The Clientele have long been an Albums Band in a classic pop sense, grounding their records in concise songwriting, familiar forms and neat linear sequences. The new record casts most of this aside. I Am Not There Anymore is a labyrinthine double LP of 19 tracks, many of which become headier as the record moves along. Pieces recur and are cryptically remixed throughout: an iconic stair-step cello motif, swift and sawing, appears, later, at varying half-speeds, or moodily tuned down a few notches; images of long-lost family members crop up repeatedly, seen anew from skewed angles. Other double albums are often marked by brightness and abundance—think of the Beatles’ White Album, brimming with energy and polyphony. But the effect of more tracks from The Clientele becomes, curiously, the inverse: there’s a tautness to this record, a feeling of absence or of being stretched thin. MacLean’s experiences in mourning were a through-line in the writing; his lingering sense of separation shows up not just in songs, but how they’re presented, too: the band’s poppiest tunes, normally appearing in tight lockstep, instead show up more isolated in the tracklist, scattershot or lost like cast-off memories.

Many of the songs that do resemble classic Clientele have more bite than usual, as if to provide ballast or compensate for appearing fewer and farther between. Opener “Fables of the Silverlink” is a study in-miniature of the record’s scale and pointed arrangements, collaging sleek electronic drums with strings and impassioned modal vocals (sung, briefly, in Spanish by Alicia Macanás) in an eight-minute suite. Vivid lead single “Blue Over Blue” is amped up by doubled tight-as-clockwork drumming, Mellotron and blasting horns. (Check out that earworm-y guitar fill in the choruses, too.) “Dying in May” zaps and swirls with a rare sort of electricity, a zippier “Tomorrow Never Knows” that’s easier to move to. And the groove of “Garden Eye Mantra,” which begins in the hazy, dreamy zone of past Clientele records, snaps to a new plateau of tension—MacLean wrests all that he can from the titular mantra-melody, surging ahead on a single pitch for a full minute and elevating the mood into something trance-like and swaggering.

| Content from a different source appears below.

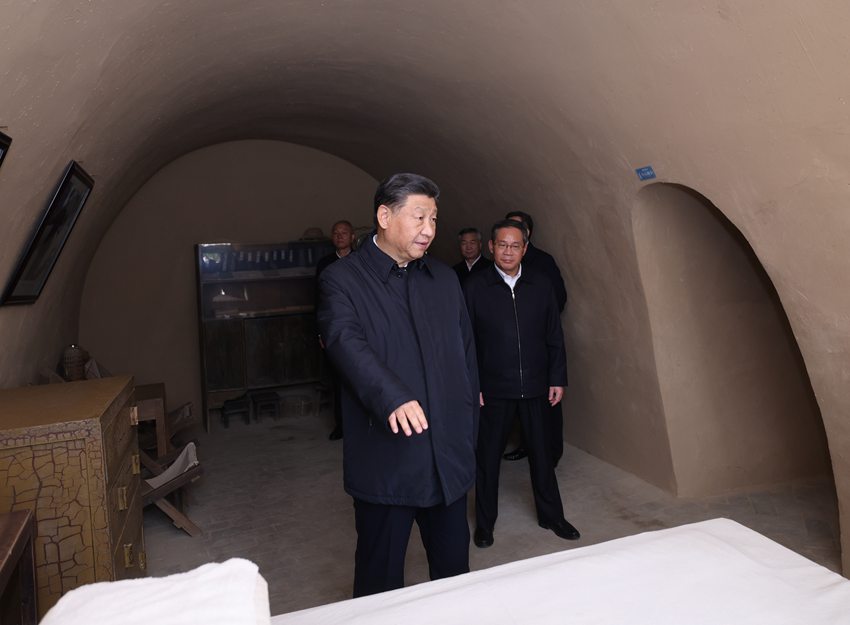 習(xí)近平総書記が中國(guó)共産黨中央政治局常務(wù)委員を率いて延安革命記念地を訪問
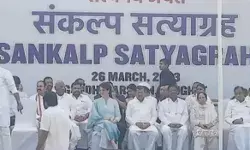 कांग्रेस का सत्याग्रह शुरू- गांधी प्रतिमाओं के सामने प्रदर्शन कांग्रेस का सत्याग्रह शुरू- गांधी प्रतिमाओं के सामने प्रदर्शन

Despite these high points and unusually muscular performances, though, it’s the moodier in-between places—the voids—that end up defining I Am Not There Anymore. MacLean’s warm, breathy, reverb-laden voice, usually a constant confidant on past Clientele records, is absent from whole passages here, faded into vapors. In his stead are a series of short instrumental transitions, as curious and crystalline as Miyazaki film score cues, that appear at interval throughout: “Radial B,” “C,” “E” and so on, written for piano and celesta by the band’s drummer, Mark Keen. (Would-be Radials A, D, F and G are absent, adding mystery to the record’s already-oblique logic.) MacLean also cedes the mic to another spectral presence in a collection of spoken-word collages, narrated with chilly distance by Jessica Griffin. Memories of MacLean’s childhood become poetically hypnotic and musically prickly, a mash-up of cobwebbed BBC library music and Kid A.

It’s an odd balance to have such a significant share of songs feel like tangents or palate cleansers. Yet their small gestures become properly core to the album by its close. I Am Not There Anymore’s final pair of tracks braid the various modes that the band has tinkered with throughout—sturdy songwriting, spare instrumental sketches, and abstract electronica—into a fulfilling whole. In a startling moment of candor on the penultimate “I Dreamed of You, Maria,” MacLean’s voice peaks amid churning waves of horns and guitars: “I woke so early I didn’t know who I was/Blown like rain, just like I was coming across/And I knew that I would die,” tugging the last word desperately above the rising water line. The record then descends into the electronic miasma of “The Village Is Always on Fire,” a collaged coda with narration that sounds savage but feels clarifying. A mess of dreams and death is where The Clientele begin and end I Am Not There Anymore; it’s a long and winding road that the band have hopefully only begun to explore.